Andy Bechtolsheim, one of the founders of Sun Microsystems, was used to taking the long view. One look at their demo and he knew Google had potential — a lot of potential. But though his interest had been piqued, he was pressed for time. As Sergey tells it, “We met him very early one morning on the porch of a Stanford faculty member’s home in Palo Alto. We gave him a quick demo. He had to run off somewhere, so he said, ‘Instead of us discussing all the details, why don’t I just write you a check?’ It was made out to Google Inc. and was for $100,000.”

The investment created a small dilemma. Since there was no legal entity known as “Google Inc.,” there was no way to deposit the check. It sat in Larry’s desk drawer for a couple of weeks while he and Sergey scrambled to set up a corporation and locate other funders among family, friends, and acquaintances. Ultimately they brought in a total initial investment of almost $1 million.

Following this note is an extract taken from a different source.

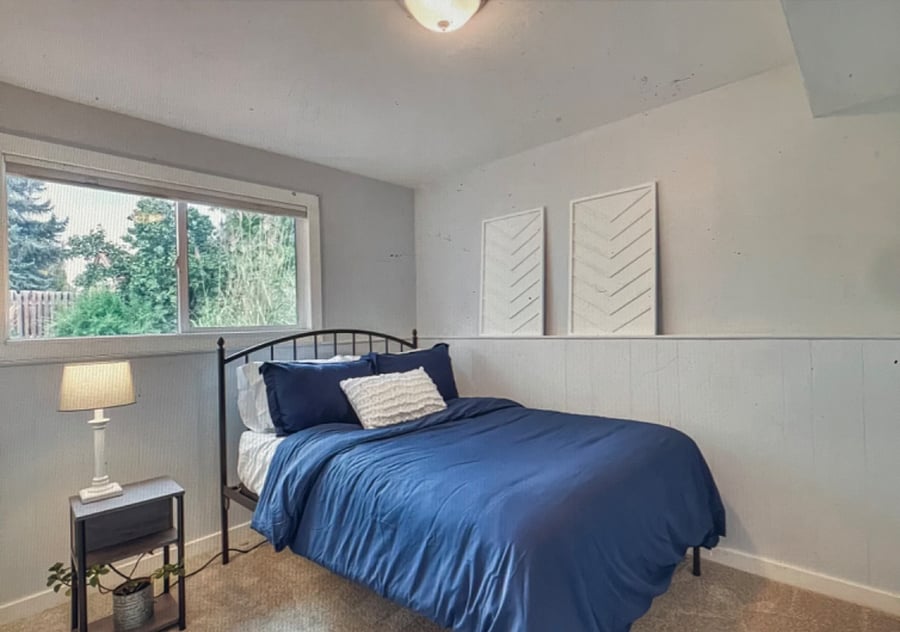 Furnished Finder property 646253_1 photo 14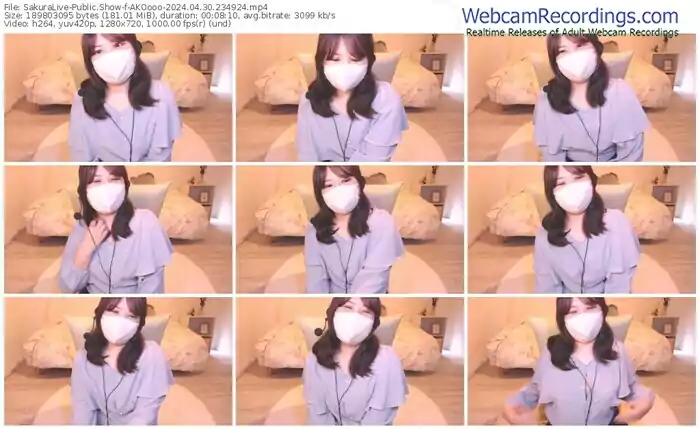 2024/04/30/sakuralivejp-akoooo-23-49-24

Everyone’s favourite garage band

In September 1998, Google Inc. opened its door in Menlo Park, California. The door came with a remote control, as it was attached to the garage of a friend who sublet space to the new corporation’s staff of three. The office offered several big advantages, including a washer and dryer and a hot tub. It also provided a parking space for the first employee hired by the new company: Craig Silverstein, now Google’s director of technology.

Already Google.com, still in beta, was answering 10,000 search queries each day. The press began to take notice of the upstart website with the relevant search results, and articles extolling Google appeared in USA TODAY and Le Monde. That December, PC Magazine named Google one of its Top 100 Web Sites and Search Engines for 1998. Google was moving up in the world.

1999: On the road again

Google quickly outgrew the confines of its Menlo Park home, and by February 1999 had moved to an office on University Avenue in Palo Alto. At eight employees, Google’s staff had nearly tripled, and the service was answering more than 500,000 queries per day. Interest in the company had grown as well. Red Hat signed on as its first commercial search customer, drawn in part by Google’s commitment to running its servers on the open source operating system Linux.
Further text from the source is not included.